Airflow is a platform to programmatically author, schedule and monitor workflows.
When workflows are defined as code, they become more maintainable, versionable, testable, and collaborative.
Use Airflow to author workflows as directed acyclic graphs (DAGs) of tasks. The Airflow scheduler executes your tasks on an array of workers while following the specified dependencies. Rich command line utilities make performing complex surgeries on DAGs a snap. The rich user interface makes it easy to visualize pipelines running in production, monitor progress, and troubleshoot issues when needed.
This app is built and deployed with docker and docker-compose.

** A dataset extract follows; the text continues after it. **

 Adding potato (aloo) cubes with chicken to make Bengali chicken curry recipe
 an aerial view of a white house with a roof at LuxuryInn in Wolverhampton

Most Airflow jobs are thin wrappers that spin up an EMR cluster for running
the job. Be aware that the configuration of the created EMR clusters depends
on finding scripts in an S3 location configured by the SPARK_BUCKET
variable.
Those scripts are maintained in
emr-bootstrap-spark
and are deployed independently of this repository.

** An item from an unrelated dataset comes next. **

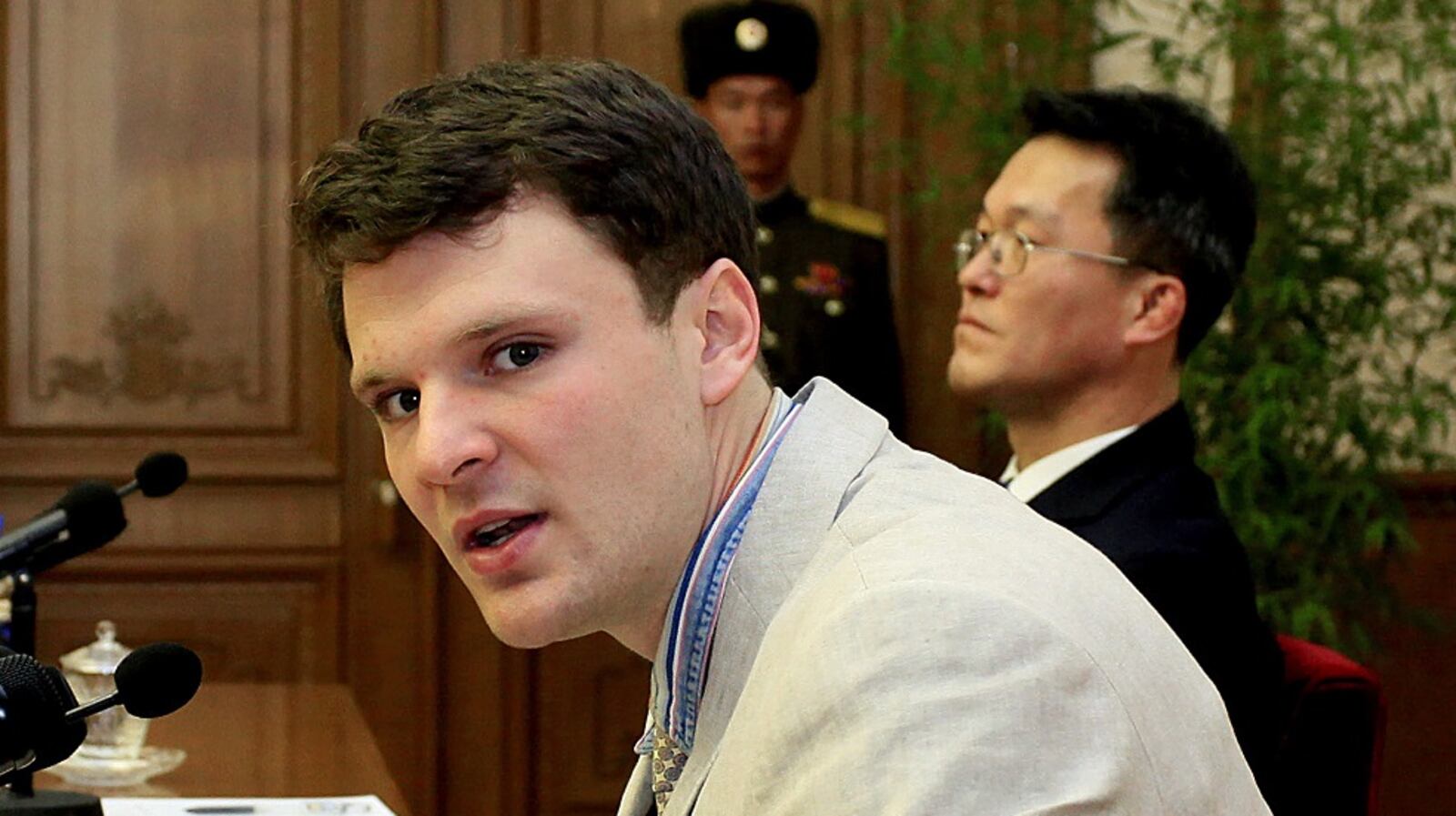 FILE - In this Feb. 29, 2016 file photo, American student Otto Warmbier speaks as Warmbier is presented to reporters in Pyongyang, North Korea.  U.S. officials say the Trump administration will ban American citizens from traveling to North Korea following the death of university student Otto Warmbier, who passed away after falling into a coma into a North Korean prison. (AP Photo/Kim Kwang Hyon)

Changes in behavior of Airflow jobs not explained by changes in the source of the
Spark jobs or by changes in this repository
could be due to changes in the bootstrap scripts.
An Airflow container can be built with
make build
For now, DAGs that use the Databricks operator won't parse until the following environment variables are set (see issue #501):
AWS_SECRET_ACCESS_KEY
AWS_ACCESS_KEY_ID
DB_TOKEN
Airflow database migration is no longer a separate step for dev but is run by the web container if necessary on first run. That means, however, that you should run the web container (and the database container, of course) and wait for the database migrations to complete before running individual test commands per below. The easiest way to do this is to run make up
and let it run until the migrations complete.
A single task, e.g. spark
, of an Airflow dag, e.g. example
, can be run with an execution date, e.g. 2018-01-01
, in the dev
environment with:
export DEV_USERNAME=...
export AWS_SECRET_ACCESS_KEY=...
export AWS_ACCESS_KEY_ID=...
make run COMMAND="test example spark 20180101"
The DEV_USERNAME
is a short string used to identify your EMR instances.
This should be set to something like your IRC or Slack handle.
The container will run the desired task to completion (or failure). Note that if the container is stopped during the execution of a task, the task will be aborted. In the example's case, the Spark job will be terminated.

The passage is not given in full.